> **Study material**
Start of Block

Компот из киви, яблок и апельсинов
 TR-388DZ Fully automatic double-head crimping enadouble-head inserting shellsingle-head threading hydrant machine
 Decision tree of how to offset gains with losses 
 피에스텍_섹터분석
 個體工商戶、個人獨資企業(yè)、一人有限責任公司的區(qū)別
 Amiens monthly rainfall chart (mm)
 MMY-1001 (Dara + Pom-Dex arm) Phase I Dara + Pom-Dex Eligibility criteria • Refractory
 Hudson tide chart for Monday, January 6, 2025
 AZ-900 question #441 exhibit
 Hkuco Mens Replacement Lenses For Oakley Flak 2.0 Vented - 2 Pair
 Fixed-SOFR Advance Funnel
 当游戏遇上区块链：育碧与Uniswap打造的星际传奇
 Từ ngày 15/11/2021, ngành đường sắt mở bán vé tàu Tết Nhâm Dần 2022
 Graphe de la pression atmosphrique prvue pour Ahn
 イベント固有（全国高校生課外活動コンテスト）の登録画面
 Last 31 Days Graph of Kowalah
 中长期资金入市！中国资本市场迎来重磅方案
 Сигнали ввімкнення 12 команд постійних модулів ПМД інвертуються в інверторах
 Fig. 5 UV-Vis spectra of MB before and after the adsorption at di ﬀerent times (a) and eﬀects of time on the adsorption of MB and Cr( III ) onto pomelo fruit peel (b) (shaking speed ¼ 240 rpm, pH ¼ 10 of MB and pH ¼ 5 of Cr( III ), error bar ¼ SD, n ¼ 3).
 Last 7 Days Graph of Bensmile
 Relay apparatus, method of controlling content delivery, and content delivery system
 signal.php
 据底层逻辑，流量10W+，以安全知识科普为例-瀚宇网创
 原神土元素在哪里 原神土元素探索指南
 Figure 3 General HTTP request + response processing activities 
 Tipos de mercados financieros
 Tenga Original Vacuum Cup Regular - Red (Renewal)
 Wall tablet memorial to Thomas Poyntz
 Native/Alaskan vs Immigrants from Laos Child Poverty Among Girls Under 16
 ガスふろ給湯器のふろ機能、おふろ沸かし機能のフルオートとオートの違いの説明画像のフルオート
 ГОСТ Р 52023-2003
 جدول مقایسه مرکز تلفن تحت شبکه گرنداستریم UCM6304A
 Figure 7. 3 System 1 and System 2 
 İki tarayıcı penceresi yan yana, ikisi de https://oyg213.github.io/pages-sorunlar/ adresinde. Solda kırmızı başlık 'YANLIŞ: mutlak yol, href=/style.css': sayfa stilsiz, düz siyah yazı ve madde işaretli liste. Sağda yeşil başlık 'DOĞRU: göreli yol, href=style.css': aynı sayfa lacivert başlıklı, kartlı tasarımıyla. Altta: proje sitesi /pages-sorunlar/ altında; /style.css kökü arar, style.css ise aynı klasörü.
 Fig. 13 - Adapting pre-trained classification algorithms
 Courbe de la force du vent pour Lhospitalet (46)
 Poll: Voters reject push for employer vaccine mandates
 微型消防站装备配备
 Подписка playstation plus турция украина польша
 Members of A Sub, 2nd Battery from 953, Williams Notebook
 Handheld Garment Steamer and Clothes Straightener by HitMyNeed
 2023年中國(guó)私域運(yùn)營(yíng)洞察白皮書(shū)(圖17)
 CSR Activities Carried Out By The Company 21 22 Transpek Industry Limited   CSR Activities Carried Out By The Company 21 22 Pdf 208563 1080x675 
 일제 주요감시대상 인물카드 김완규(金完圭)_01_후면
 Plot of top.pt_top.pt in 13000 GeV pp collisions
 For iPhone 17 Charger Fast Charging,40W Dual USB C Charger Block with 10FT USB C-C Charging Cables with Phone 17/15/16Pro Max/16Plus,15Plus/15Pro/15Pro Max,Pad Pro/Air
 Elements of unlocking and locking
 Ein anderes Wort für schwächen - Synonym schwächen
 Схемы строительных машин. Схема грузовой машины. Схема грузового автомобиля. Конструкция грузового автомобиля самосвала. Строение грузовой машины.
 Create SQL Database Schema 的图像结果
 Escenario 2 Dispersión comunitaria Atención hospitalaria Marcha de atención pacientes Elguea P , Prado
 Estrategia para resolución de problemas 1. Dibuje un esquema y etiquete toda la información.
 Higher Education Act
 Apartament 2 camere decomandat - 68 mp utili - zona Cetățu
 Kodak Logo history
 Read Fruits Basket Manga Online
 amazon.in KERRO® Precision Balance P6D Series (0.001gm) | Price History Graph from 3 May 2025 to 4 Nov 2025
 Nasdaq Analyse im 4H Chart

End of Block

In the entries above, the lines from the one bearing "Wall tablet memorial to Thomas Poyntz" up to and including the one bearing "Подписка playstation plus" should be transcribed exactly; no other line is wanted.

 Wall tablet memorial to Thomas Poyntz
 Native/Alaskan vs Immigrants from Laos Child Poverty Among Girls Under 16
 ガスふろ給湯器のふろ機能、おふろ沸かし機能のフルオートとオートの違いの説明画像のフルオート
 ГОСТ Р 52023-2003
 جدول مقایسه مرکز تلفن تحت شبکه گرنداستریم UCM6304A
 Figure 7. 3 System 1 and System 2 
 İki tarayıcı penceresi yan yana, ikisi de https://oyg213.github.io/pages-sorunlar/ adresinde. Solda kırmızı başlık 'YANLIŞ: mutlak yol, href=/style.css': sayfa stilsiz, düz siyah yazı ve madde işaretli liste. Sağda yeşil başlık 'DOĞRU: göreli yol, href=style.css': aynı sayfa lacivert başlıklı, kartlı tasarımıyla. Altta: proje sitesi /pages-sorunlar/ altında; /style.css kökü arar, style.css ise aynı klasörü.
 Fig. 13 - Adapting pre-trained classification algorithms
 Courbe de la force du vent pour Lhospitalet (46)
 Poll: Voters reject push for employer vaccine mandates
 微型消防站装备配备
 Подписка playstation plus турция украина польша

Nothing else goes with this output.